Second way to do : weights learned through training

In [66]:
embedding_layer = Embedding(len(word_index) + 1,
                            EMBEDDING_DIM,
                            input_length=MAX_SEQUENCE_LENGTH)

In [69]:
sequence_input = Input(shape=(MAX_SEQUENCE_LENGTH,), dtype='int32')
embedded_sequences = embedding_layer(sequence_input)
x = Conv1D(128, 5, activation='relu')(embedded_sequences)
x = MaxPooling1D(5)(x)
x = Conv1D(128, 5, activation='relu')(x)
x = MaxPooling1D(5)(x)
x = Conv1D(128, 5, activation='relu')(x)
x = GlobalMaxPooling1D()(x)
x = Dense(128, activation='relu')(x)
preds = Dense(nb_classes, activation='softmax')(x)

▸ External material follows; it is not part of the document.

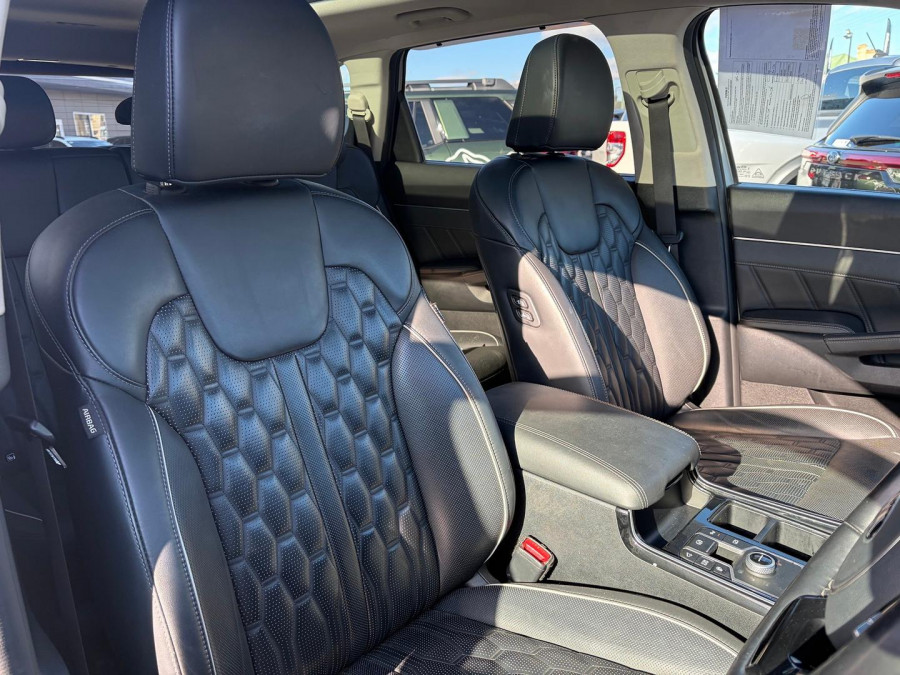 2021 Kia Sorento MQ4 GT-Line SUV Image 7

model = Model(sequence_input, preds)
model.compile(loss='categorical_crossentropy',
              optimizer='rmsprop',
              metrics=['acc'])

model.fit(X_train, Y_train,
          batch_size=batch_size,
          epochs=nb_epoch)

Epoch 1/2
Epoch 2/2


<keras.callbacks.History at 0x134731810>

In [70]:
score = model.evaluate(X_test, Y_test, verbose = 0, batch_size=batch_size)
print('Test score:', score[0])
print('Test accuracy:', score[1])

Test score: 1.40940414309
Test accuracy: 0.634016028548


Conclusion on results :

Le ré-entrainement donne de bons résultats, bien que ceux-ci ne soient pas excellents.